### [ACTIVITY]
Here is the task for the records below: repeat exactly the lines from the one with "NY license plate FDH8883" to the one with "Logidon Uitschuifbare bartafel", both included, and nothing else.
○ ○ ○ ○ ○
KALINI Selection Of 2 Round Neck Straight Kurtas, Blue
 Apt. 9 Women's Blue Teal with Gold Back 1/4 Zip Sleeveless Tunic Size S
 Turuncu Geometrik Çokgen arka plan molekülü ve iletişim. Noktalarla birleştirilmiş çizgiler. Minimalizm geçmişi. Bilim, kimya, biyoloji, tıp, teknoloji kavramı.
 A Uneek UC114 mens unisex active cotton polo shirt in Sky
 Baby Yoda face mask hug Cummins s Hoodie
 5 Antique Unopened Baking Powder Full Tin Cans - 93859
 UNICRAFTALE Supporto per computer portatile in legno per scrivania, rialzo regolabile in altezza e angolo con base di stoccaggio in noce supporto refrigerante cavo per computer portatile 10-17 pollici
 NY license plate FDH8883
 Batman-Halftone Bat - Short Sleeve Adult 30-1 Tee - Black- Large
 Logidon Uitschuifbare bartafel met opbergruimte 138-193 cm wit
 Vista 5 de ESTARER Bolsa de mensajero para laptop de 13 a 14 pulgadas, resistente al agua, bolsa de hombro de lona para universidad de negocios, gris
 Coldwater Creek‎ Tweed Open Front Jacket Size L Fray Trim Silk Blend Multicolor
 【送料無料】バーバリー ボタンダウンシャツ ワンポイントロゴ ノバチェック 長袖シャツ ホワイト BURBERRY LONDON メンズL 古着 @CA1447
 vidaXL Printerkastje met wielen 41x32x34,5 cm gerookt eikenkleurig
○ ○ ○ ○ ○
### [OUTPUT OF THE EXERCISE]
 NY license plate FDH8883
 Batman-Halftone Bat - Short Sleeve Adult 30-1 Tee - Black- Large
 Logidon Uitschuifbare bartafel met opbergruimte 138-193 cm wit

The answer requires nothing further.